Re: lucene/plucene/clucene

From: David L Norris <dave(at)>
Date: Mon May 09 2005 - 19:29:56 GMT
On Mon, 2005-05-09 at 12:05 -0700, Keith Ivey wrote:
> Are you talking about large index files, or indexing large files?  The 
> references to "source" and "offset" make it seem like these options address the 
> latter, but maybe I'm misunderstanding something.

All files on UNIX systems can be larger than 2 GB.  Large File support
on UNIX systems replaces file offsets and all the functions which use
them with 64-bit versions.  For most programs it's just a matter of
defining those two variables and recompiling.

The Windows POSIX subsystem doesn't implement quite the same API as
modern UNIX systems for 64-bit file offsets.  So I wrote a wrapper that
implements the UNIX LargeFile API using the functions Windows provides.
There's still an issue with fseek, if I recall.

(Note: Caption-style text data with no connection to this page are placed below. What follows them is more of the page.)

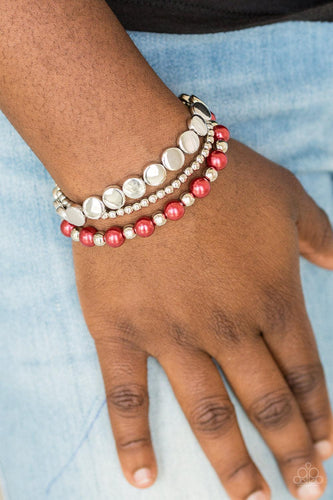 Girly Girl Glamour - Red Bracelet - Paparazzi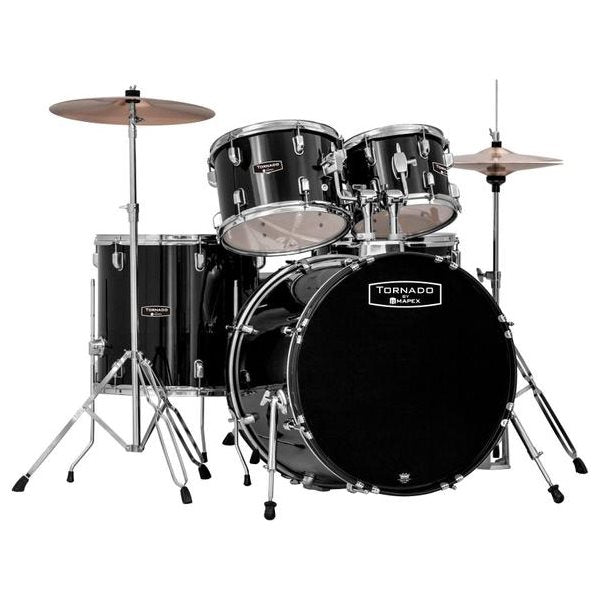 Mapex Tornado Complete Drum Kit 10-12-16-22-14 with cymbales, hardware & Throne - Black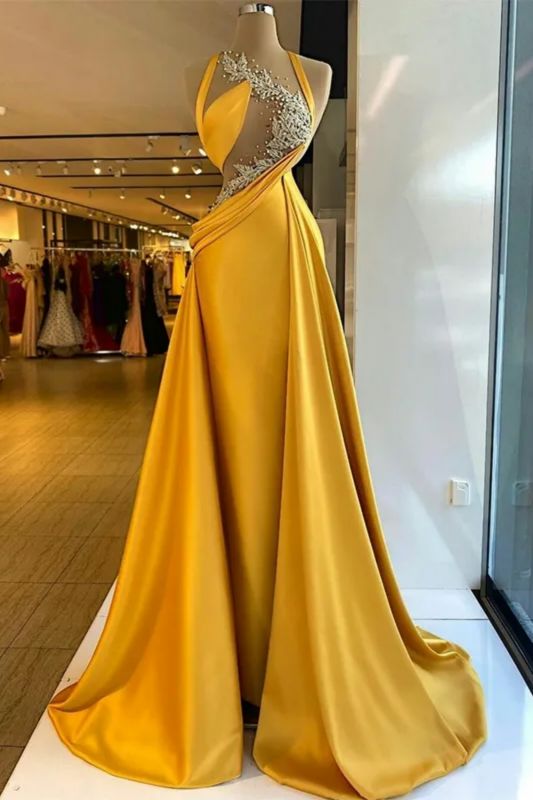 Dreamyannie Column Satin Halter Sleeveless Yellow Evening Dress With Beading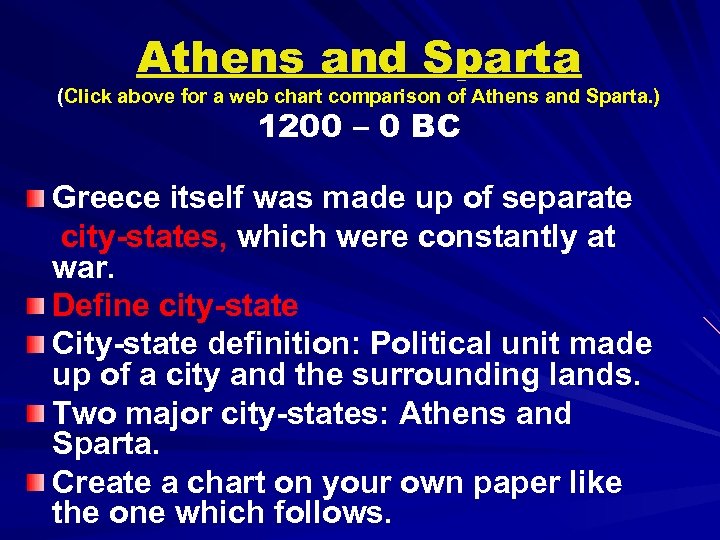 Athens and Sparta (Click above for a web chart comparison of Athens and Sparta.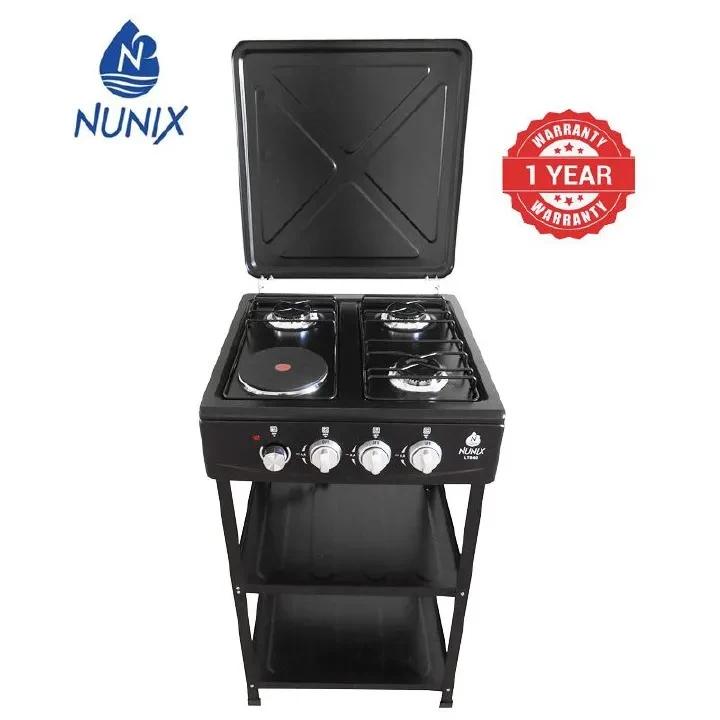 NUNIX 3+1 Automatic Standing Gas Cooker with Sleeves – 3 Gas Burners + 1 Electric Plate, Sturdy Design, Easy Ignition, Durable Build & Perfect Kitchen Cooking Solution 🔥🍳✨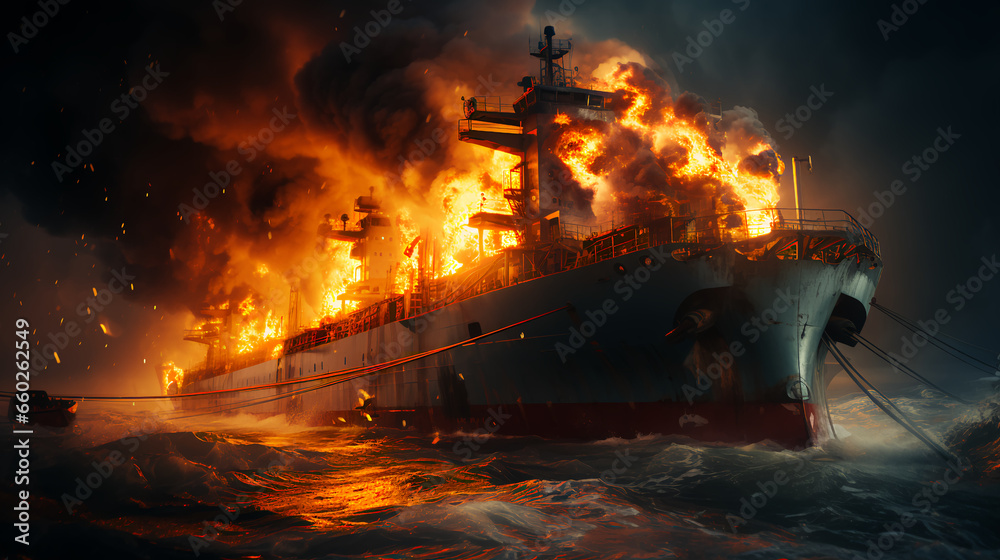 Large burning cargo ship tanker carrying oil in the sea or ocean Large burning cargo ship tanker carrying oil in the sea or ocean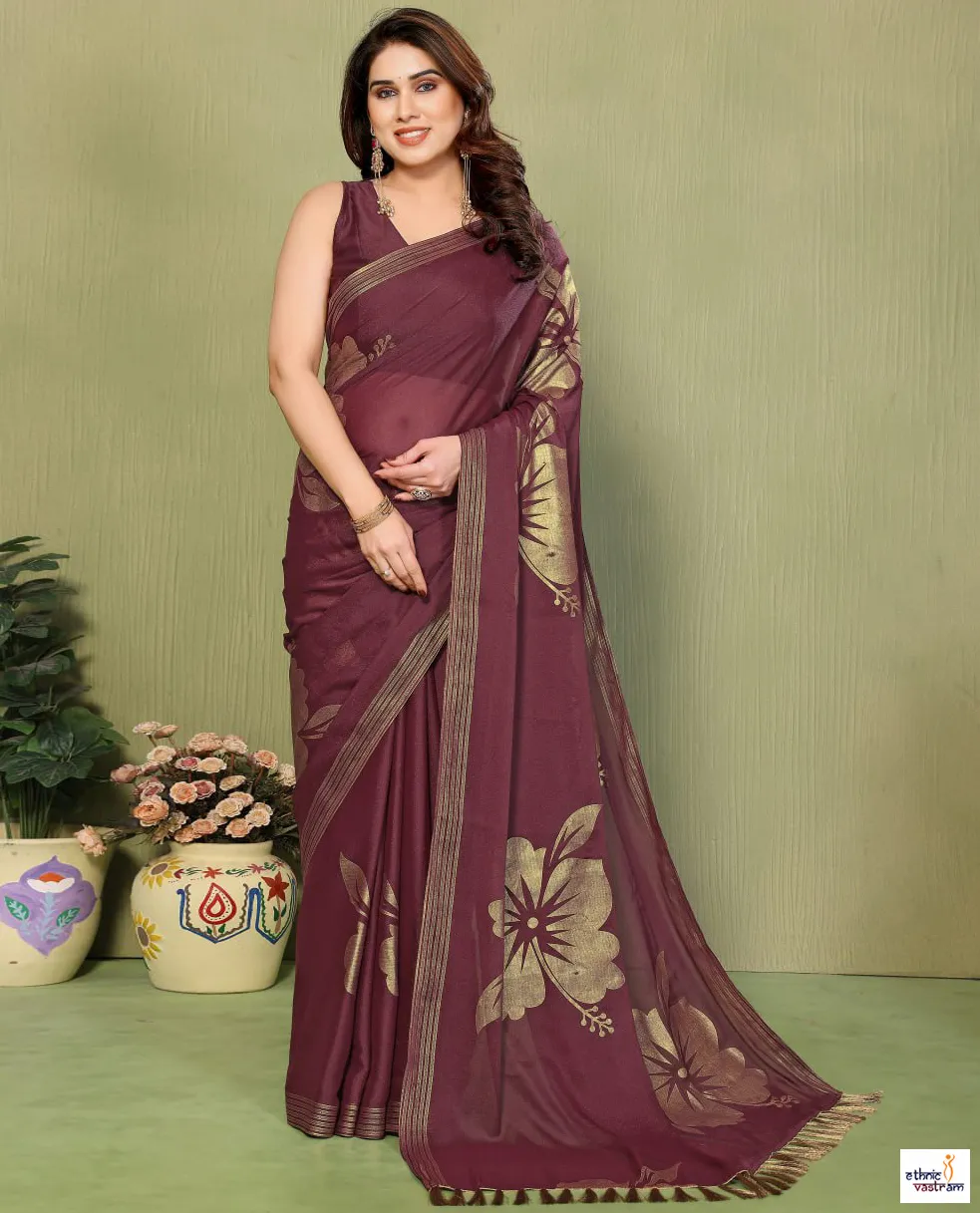 Maroon Star Georgette Silk Foil Work Saree With Tassels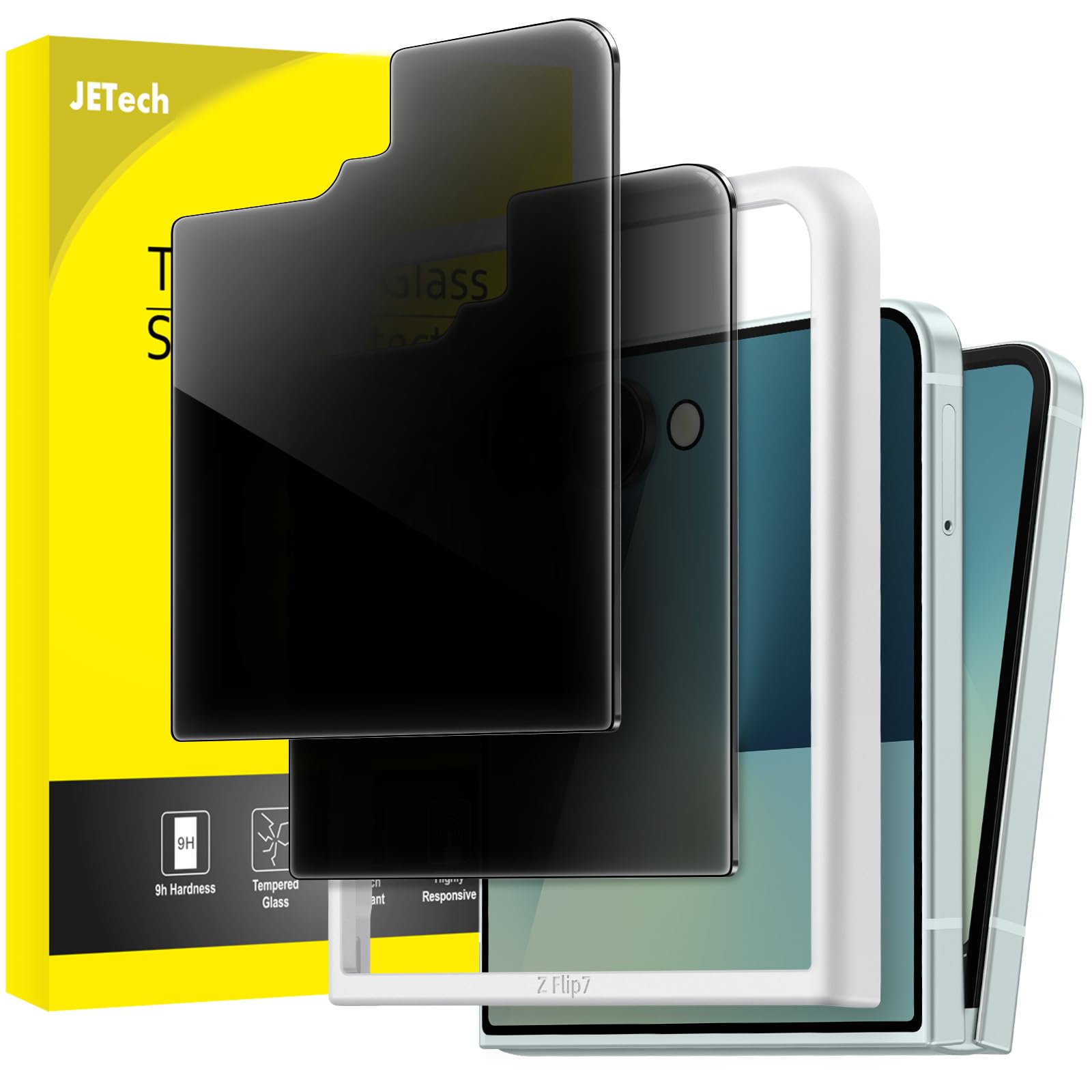 JETech Front Privacy Screen Protector for Samsung Galaxy Z Flip 7 2025, Anti-Spy Tempered Glass Film with Easy Installation Tool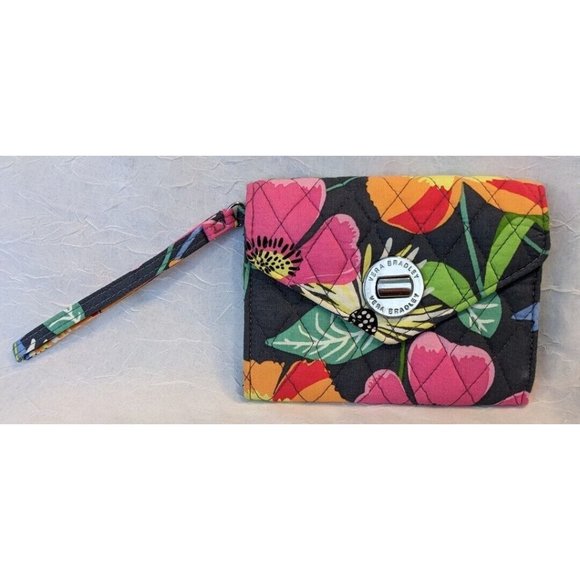 Vera Bradley Jazzy Blooms Wristlet Quilted Purse Wallet Turn Clasp Floral Boho - Picture 13 of 13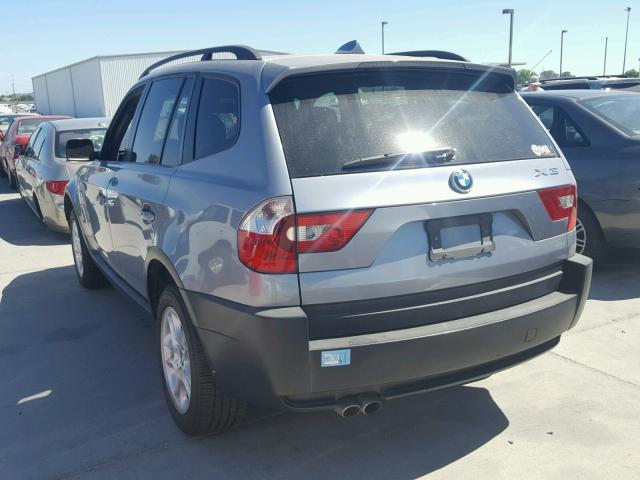 WBXPA73445WC49334 - 2005 BMW X3 2.5I SILVER photo 3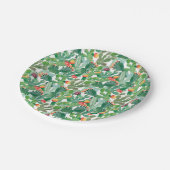 Aquarell-Kaktus-Muster Pappteller (Schrägansicht)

> I don't care about indexing individual files larger than a couple of megabytes, 
> but I have run into a 2 GB limit on the size of the index file.  Still, I might 
> be better off keeping my indexes split up into less-than-2GB parts anyway, since 
> I fear that larger index files lead to larger memory use during searching.

Index size shouldn't affect memory usage of Swish-e much or at all as
far as I know.  Someone would probably have to test that to know for
sure, though.

 David Norris
  ICQ - 412039